Los veranos disfrutaban de temperaturas agradables y sol, mientras que los inviernos, aunque nevados y con largas temporadas de oscuridad, eran menos extremos que los actualmente registrados en latitudes similares. Las adaptaciones morfológicas de E. itjilik sugieren estrategias de subsistencia para soportar meses con escasa o nula luz solar.

Según informó CBC News, el proceso de investigación de estos restos ha sido meticuloso y prolongado. Tras su descubrimiento inicial, los huesos de E. itjilik desencadenaron dudas en los especialistas, quienes no lograron identificarlos rápidamente como pertenecientes a una especie conocida.
Dawson y sus colegas regresaron en repetidas ocasiones al cráter Haughton para obtener más restos, y fue solo después de casi cuatro décadas que los científicos, empleando técnicas modernas, lograron identificar de manera concluyente la especie. Parte del material estaba conservado tridimensionalmente y solo parcialmente reemplazado por minerales, lo que permitió a los equipos llevar a cabo análisis detallados, incluyendo la extracción y estudio de proteínas conservadas en el esmalte dental.

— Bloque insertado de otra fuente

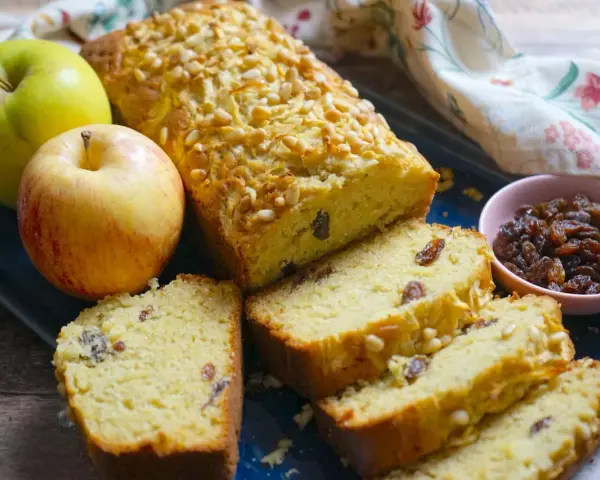 Plumcake alle mele dorato, con pinoli e uvetta, accompagnato da mele fresche e una ciotolina di uvetta.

Donald Prothero, paleontólogo de la Universidad Politécnica Estatal de California, Pomona, explicó que uno de los hallazgos más relevantes del análisis evolutivo es que E. itjilik no guarda parentesco estrecho con otras especies prehistóricas de rinocerontes halladas en Norteamérica, como Teleoceras major o Floridaceras whitei.
En cambio, los científicos hallaron similitudes con especies provenientes de Europa, Oriente Medio y el suroeste asiático, deducción a la que llegaron tras analizar la composición proteica de los restos fósiles y comparar estos datos con el árbol genealógico conocido de los rinocerontes.

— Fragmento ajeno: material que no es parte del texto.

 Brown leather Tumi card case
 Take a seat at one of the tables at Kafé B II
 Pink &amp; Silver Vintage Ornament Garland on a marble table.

Este resultado llevó a rehacer teorías sobre la migración de grandes mamíferos hacia América del Norte. La hipótesis que cobra fuerza es la posible existencia prolongada del puente terrestre del Atlántico Norte, una antigua conexión entre Europa y América del Norte que, según la paleontología clásica, habría desaparecido hace unos 50 millones de años durante el Eoceno temprano.
No obstante, la presencia de especies como E. itjilik sugiere que dicho puente pudo ser transitable para mamíferos mucho más tiempo, quizás fragmentado en islas o unido por hielo estacional, permitiendo eventuales cruces. Sin embargo, esta idea es controvertida y genera debate entre expertos, quienes argumentan que contradice parte de la evidencia geológica vigente.
“Los huesos fósiles se encuentran en excelente estado”, afirma Marisa Gilbert, paleobióloga del Museo Canadiense de la Naturaleza y coautora del estudio, en un comunicado. “Están conservados tridimensionalmente y solo han sido parcialmente reemplazados por minerales”, agregó.
Más allá de las polémicas, el descubrimiento de Epiaceratherium itjilik coloca al Ártico canadiense en el centro de la investigación sobre la evolución de los mamíferos. Los hallazgos invitan a los paleontólogos a considerar que otros grandes fósiles, incluidos los de camellos o caballos, puedan estar ocultos bajo el cráter Haughton. Para la comunidad científica, la existencia de esta especie demuestra que el Ártico tuvo un peso significativo en la evolución y dispersión de los mamíferos, cambiando la percepción tradicional que identifica a los trópicos como únicos epicentros de biodiversidad.